His voice was sharp with mocking delight, but there was a raw, greedy glint in his eyes “Tell me, priestess, how many pretty illusions do you have behind that veil? Enough to keep your people kneeling at your feet?”
Anaris again did not flinch, though the burn in her throat threatened to betray her.
Caracalla’s lips curled in a feral grin, his voice now lower. “I wonder if under that veil you are flesh and blood, or some holy lie. I wonder if you pray when you are beneath a man.”
He reached as if to brush her veil aside, mocking but Anaris stayed still.
Geta’s tone was a whip, slicing through the tension. “Bother, enough.” His eyes stayed cold, but a similar, more measured hunger pulsed there too, as if weighing what it would mean to possess a woman like her, to tame her, to break her into Rome’s service and into his own bed.

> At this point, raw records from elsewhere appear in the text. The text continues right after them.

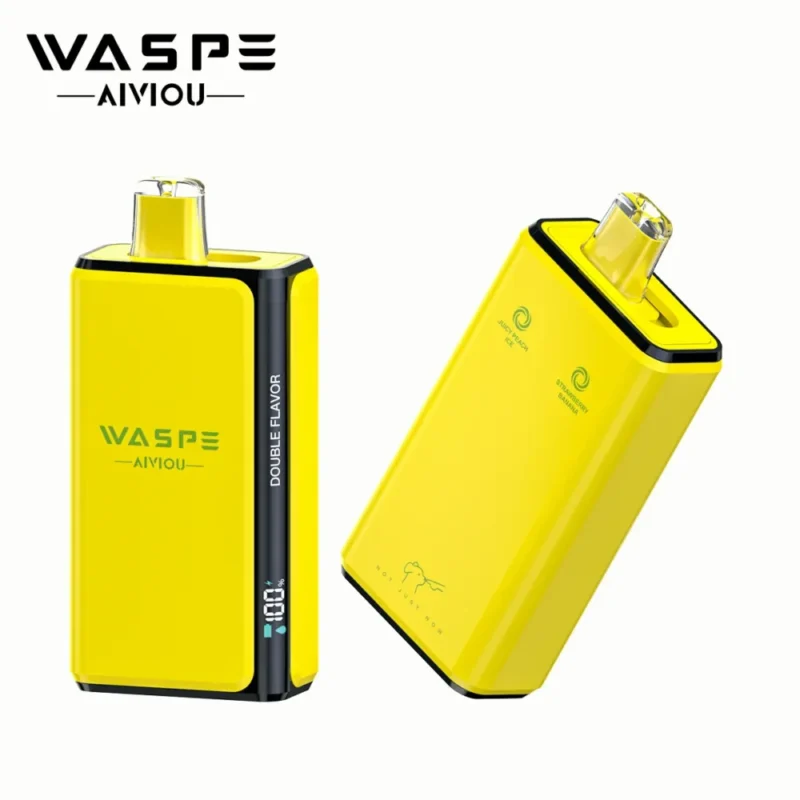 Waspe Double Flavor 100k Strawberry Banana Juicy Peach Ice Disposable Vape Device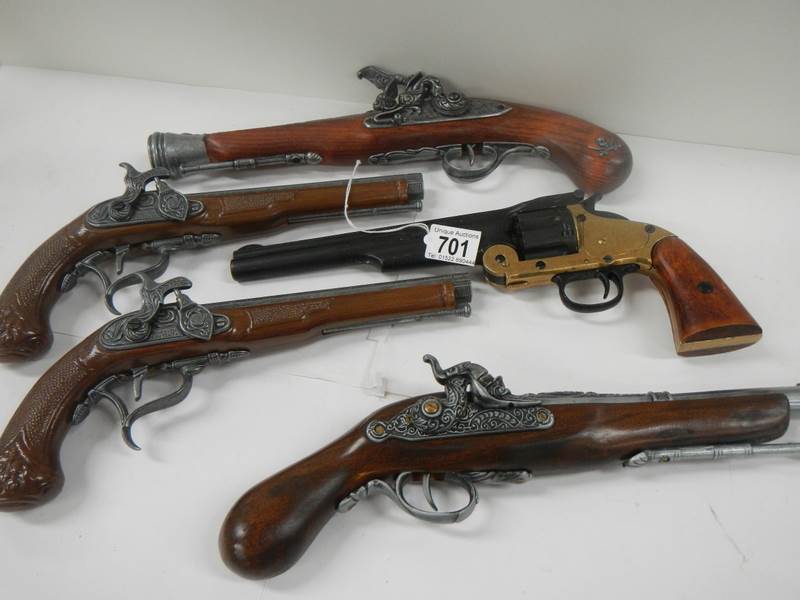 5 replica ornamental guns.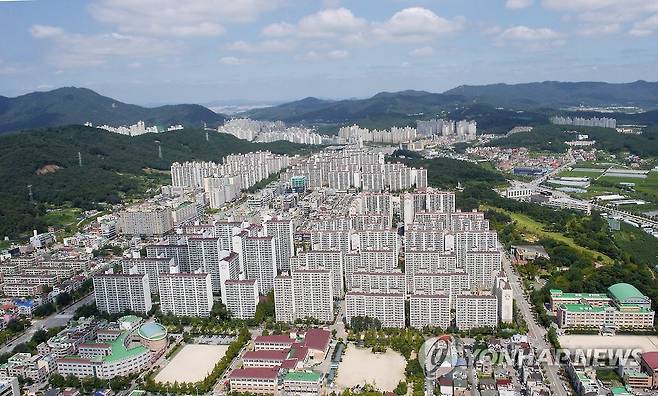 대전 아파트단지 전경 [대전 유성구 제공. 재판매 및 DB 금지]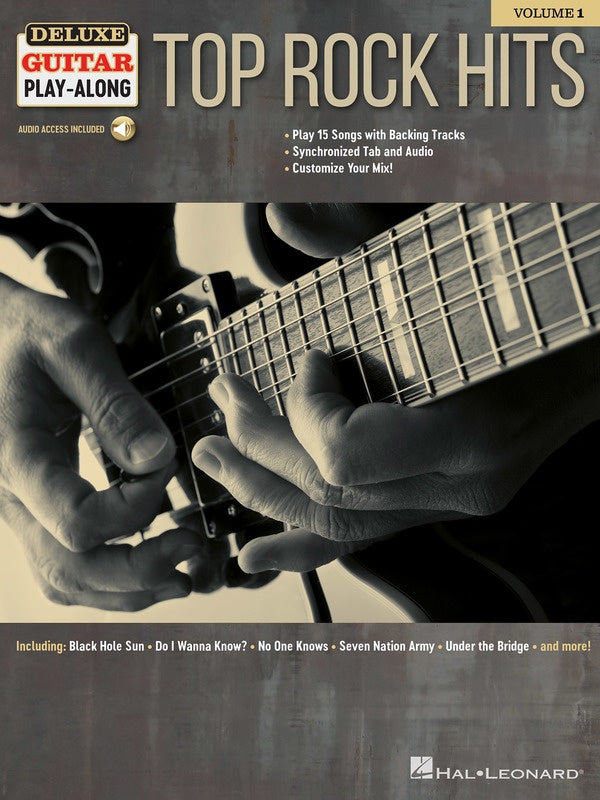 TOP ROCK HITS DELUXE GUITAR PLAYALONG V1 BK/OLA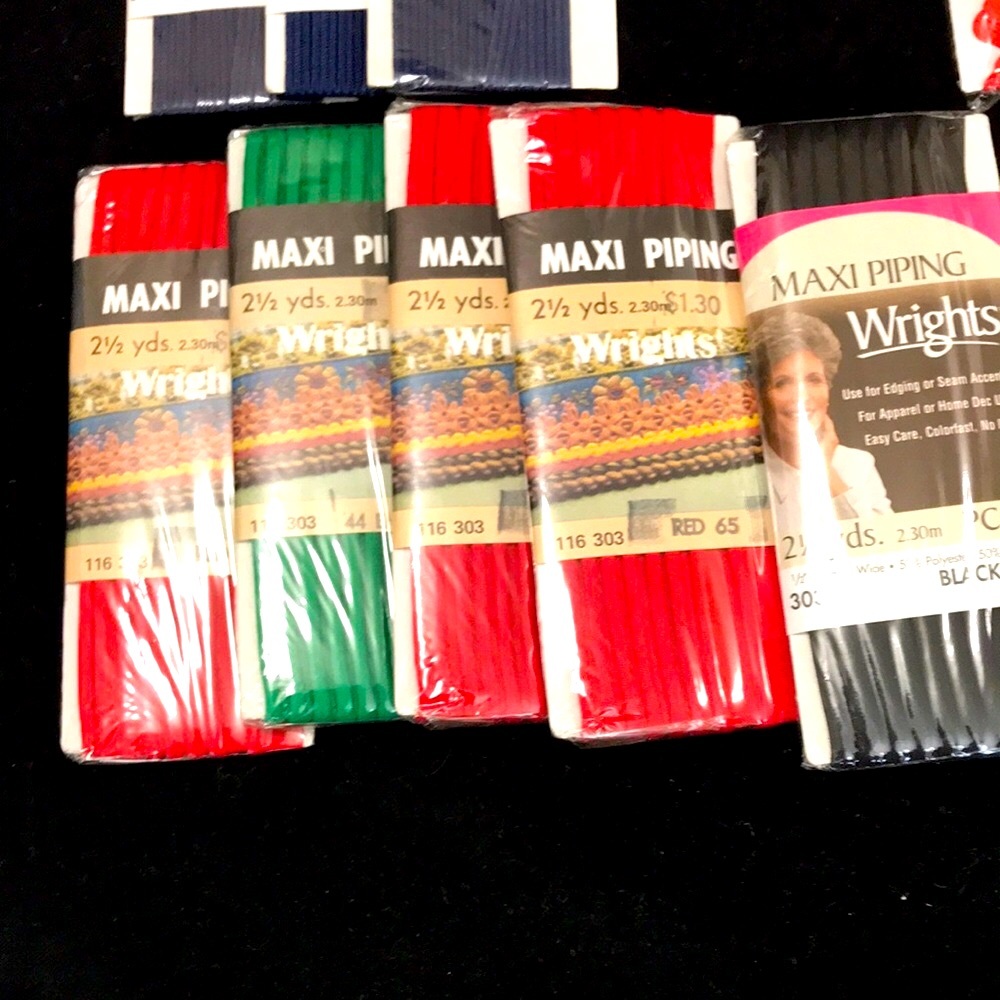 Assorted MAXI PIPING, HEM TAPE, RICK RACK, BIAS TAPE Collection - Picture 3 of 6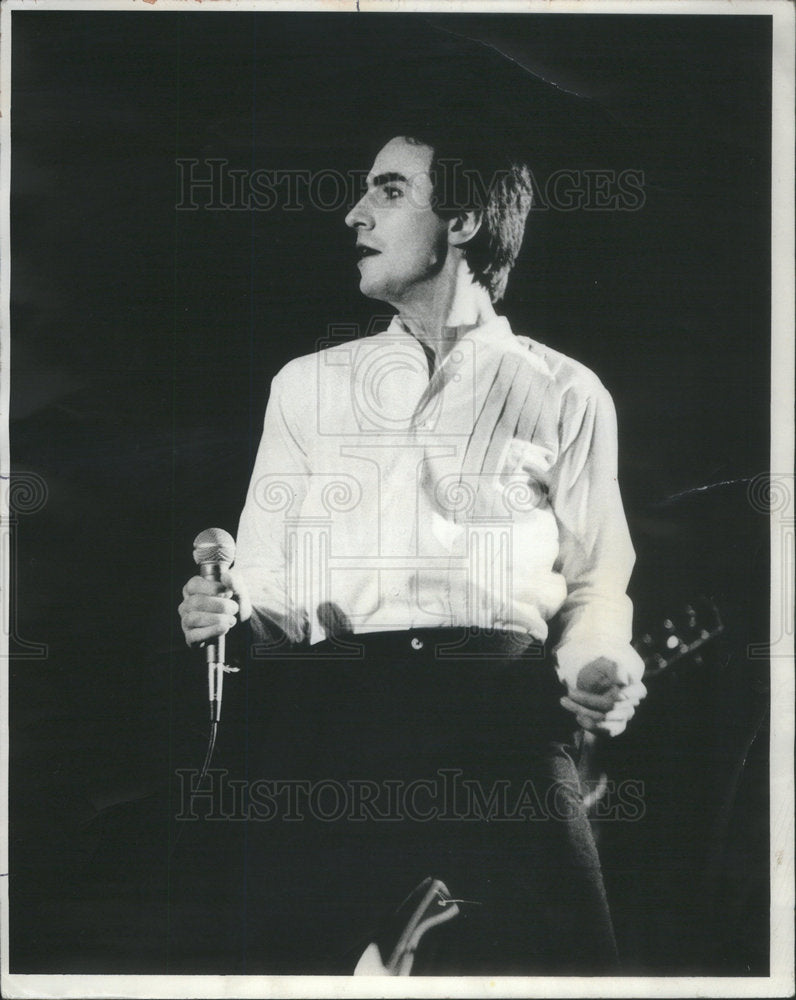 1980 Press Photo Toby Masters Singer Gary Jones - Historic Images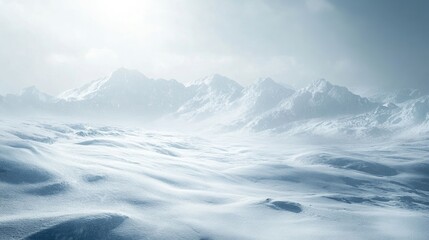 Snowy texture background featuring a pristine untouched landscape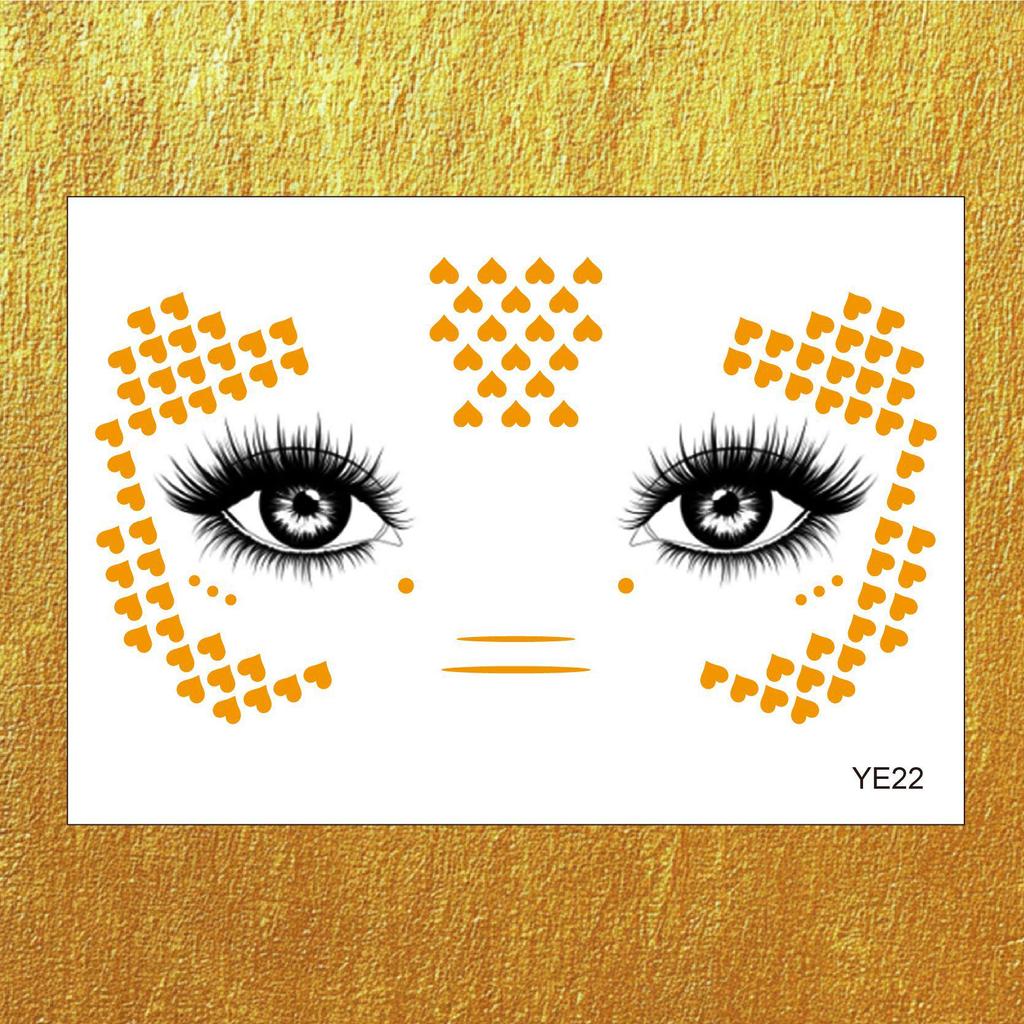New Style Waterproof & Sweatproof Face Tattoo Stickers for Makeup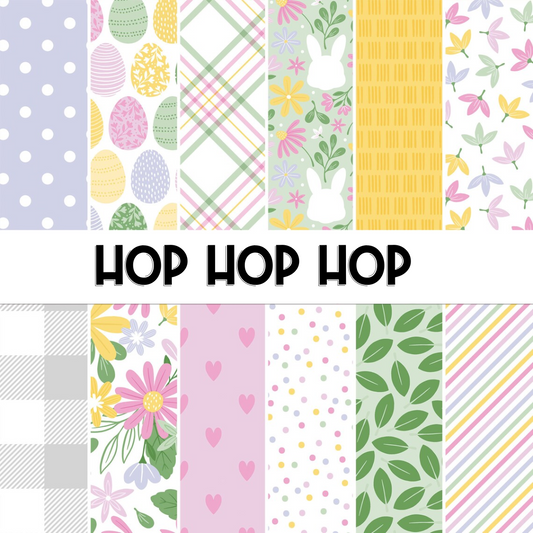 Hop Hop Hop | Printed Scrapbook Paper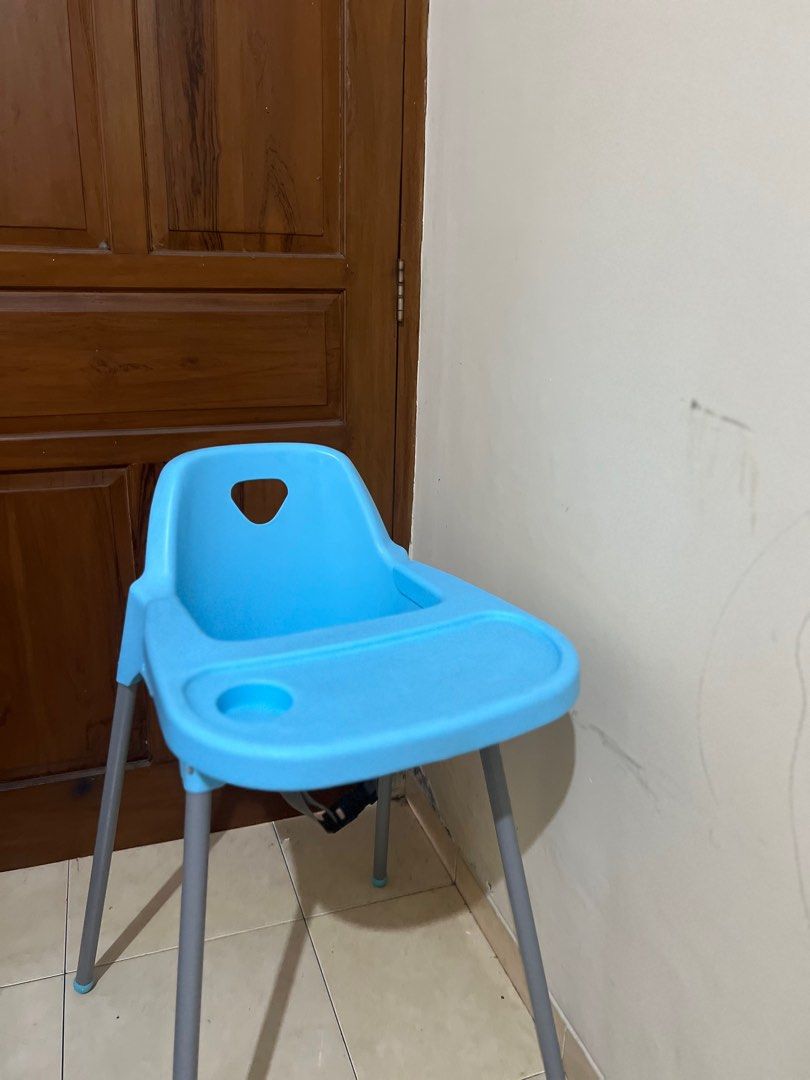 Informa Torry Kursi Makan Bayi Biru Baby High Chair Perlengkapan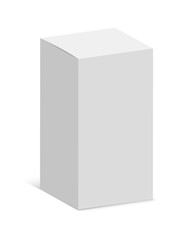 Standing rectangular box template with a sleek, minimalistic design, great for product packaging, branding, and digital presentations.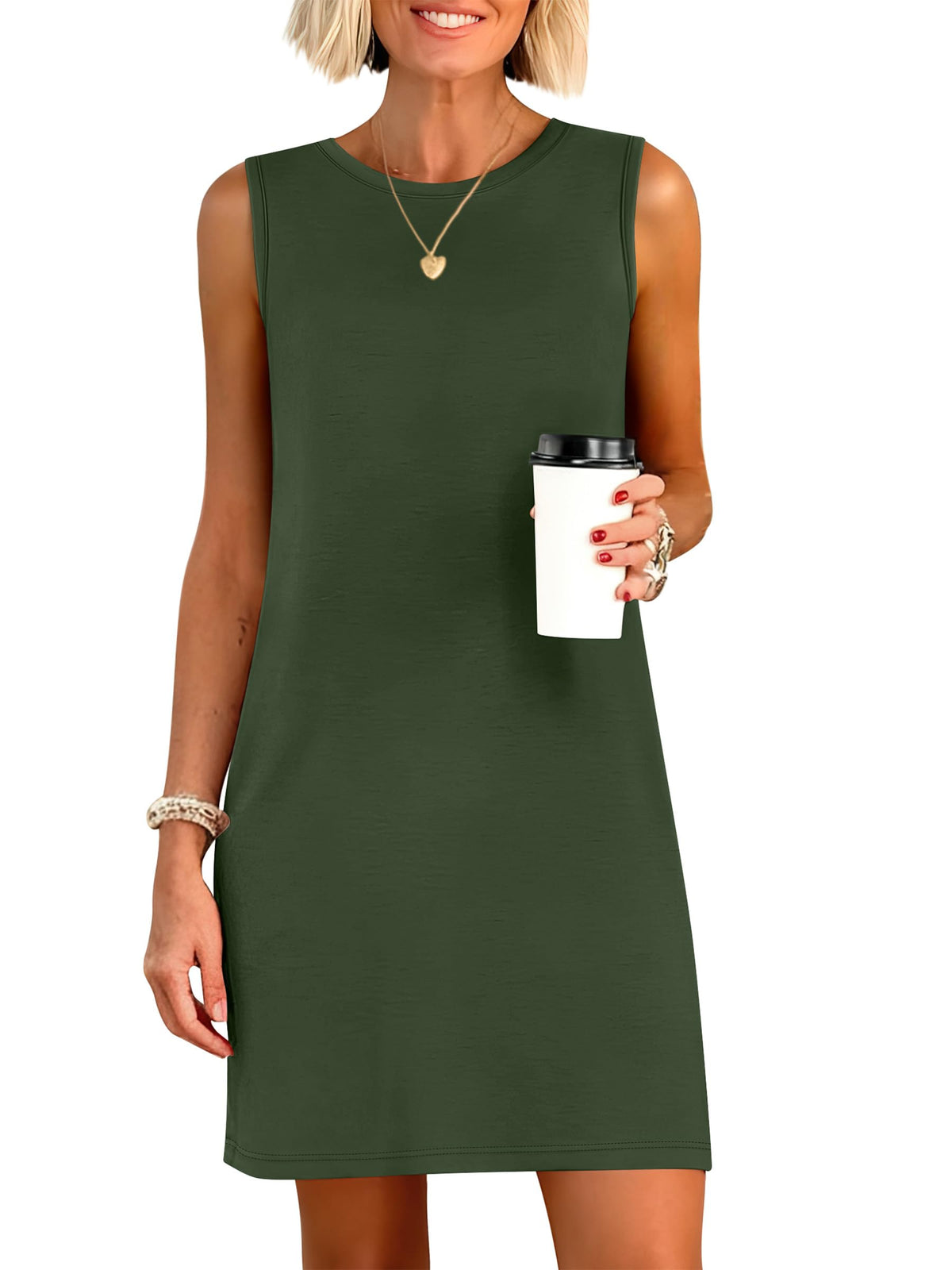 ANRABESS dress — sleeveless summer mini sundress for travel and beach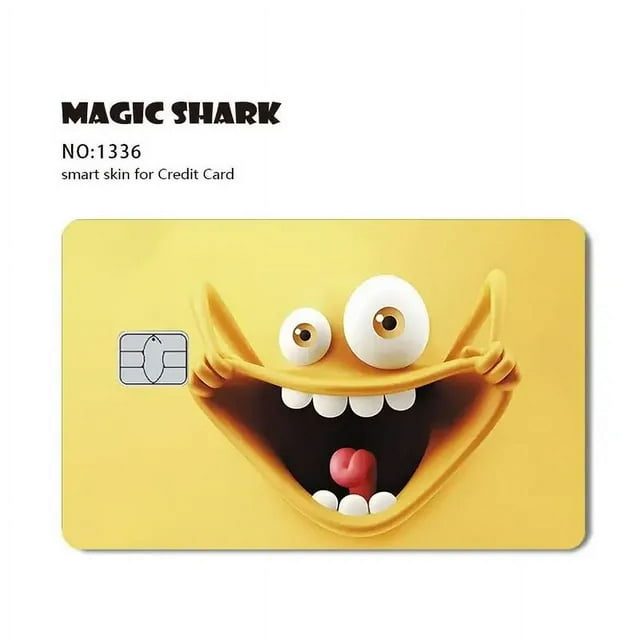1pc Watemelon Gold Coin Hunter Anime Cartoon Smile Matte Front Cover Sticker Film Skin for Metro Debit Credit Card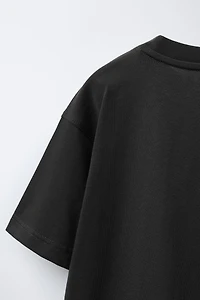 BASIC FLEECE T-SHIRT AND BERMUDA SET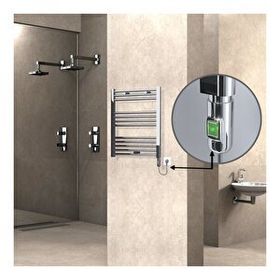 Haiti Düz Krom 200 Watt 600x700 cm Termostatlı Elektrikli Havlupan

Acacius stepped in quickly, voice steady. “My emperors, if I may. Rome is bleeding from too many wars. Marrying her will buy us peace in those provinces, and it will crown you, whoever takes her, as the man who bent even the Sacred Flame to his will.”
Caracalla’s eyes narrowed, glinting with something close to jealousy. “You think I need to marry a painted priestess to prove my power, Acacius?”
Acacius stood his ground. “She has ruled alone for years and kept her people loyal and obedient. That is a skill Rome could use, especially now that the crowds grow restless. I think it would be wiser to let her surrender than to destroy her, Caesar. ”
Caracalla gave a slow, lascivious smile. “Yes, let her surrender. Perhaps I will be the one she kneels to first.”
Geta’s jaw tensed. “Let the Senate decide, then. We cannot quarrel like beasts over a prize of such…value.”
Caracalla scoffed, but a flash of excitement twisted his face.
For a moment the air thickened, almost stifling, as all three men looked at the veiled woman. She felt them tearing at the veil with their thoughts, each one already imagining what lay beneath, the perfection, the legend, the flesh they ached to claim.
A dark silence fell, cut only by the faint rustle of fabric.
Geta’s eyes narrowed. “Until the Senate speaks,” he declared, “you will be kept under guard in chains. I will not have your sorcery stirring the minds of my soldiers.”
Caracalla laughed as he turned away, a savage, hungry echo lingering in the room. Acacius lowered his gaze, half in shame and half in respect for the woman whose beauty and power, might yet bend the whole of Rome.